To show a better picture SHOPIFY decided to find another source of income – revaluation of purchased assets – 135 million. It is 150% of income from operations. (AR p.120) They received investment in Affirm in July and measured it low. In September they revalued it and got 133 million profit. Both evaluations were done in the same quarter. They have created a profit out of thin air.
If we exclude this profit from EPS calculation it will fall to 1.56 and PE ratio will become 700.
Cash
I don’t believe in cash figure either. (AR p.118) The cash consists mostly of commercial papers and bonds.
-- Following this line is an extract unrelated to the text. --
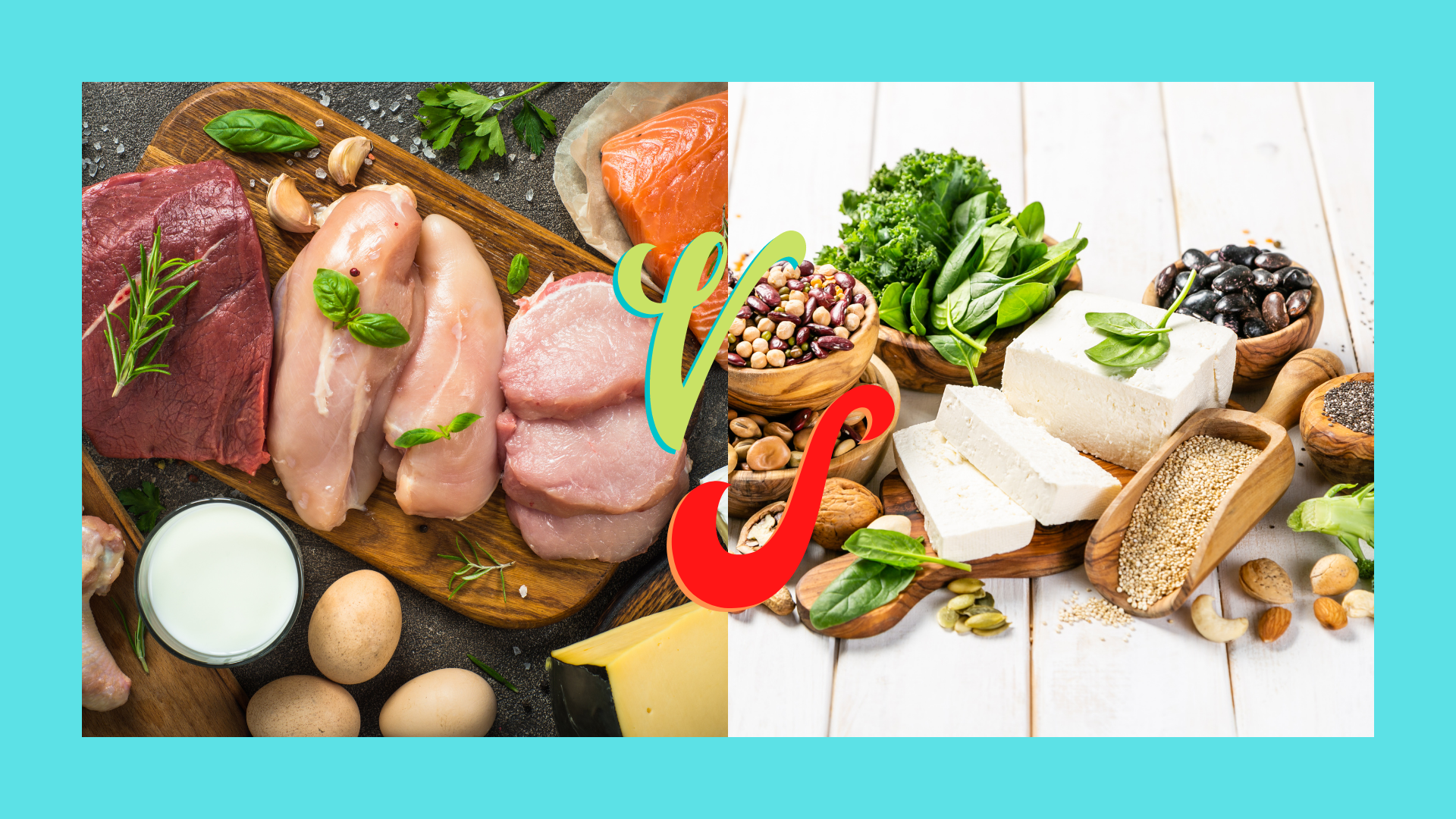 Animal Vs Plant Protein – Which is The Best Choice in 2023? Animal Vs Plant Protein – Which is The Best Choice in 2023?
It is hard to audit, you can’t just send confirmation request to the bank and receive a reliable evidence. You perform physical examination of those documents. They can be forged, they can be borrowed.
And statement of cashflows (AR.p105) shows that there is a consistent outflow of cash from trading marketable securities.
Dropshipping
In my opinion dropshipping became a Ponzi scheme in the last a couple of years. People purchase from one store that purchases from another and so on. One sale can go through up to 10 stores on its way from consumer to producer. It is in internet environment where most producers have their own websites. SHOPIFY relies heavily on dropshippers and when pyramids will fail, I expect that SHOPIFY will suffer. I am not sure if SHOPIFY is involved or it is just used. Its provides very good instrument for pyramid schemes where merchants can easily make fake sales though creating fake orders and marking them as paid orders.
Public offering
In order to conceal fraud and provide liquidity to Business Shopify constantly does public offering. Every 4-6 months. I expect the new secondary offering in June 2021. Without it Shopify can’t hide fraud.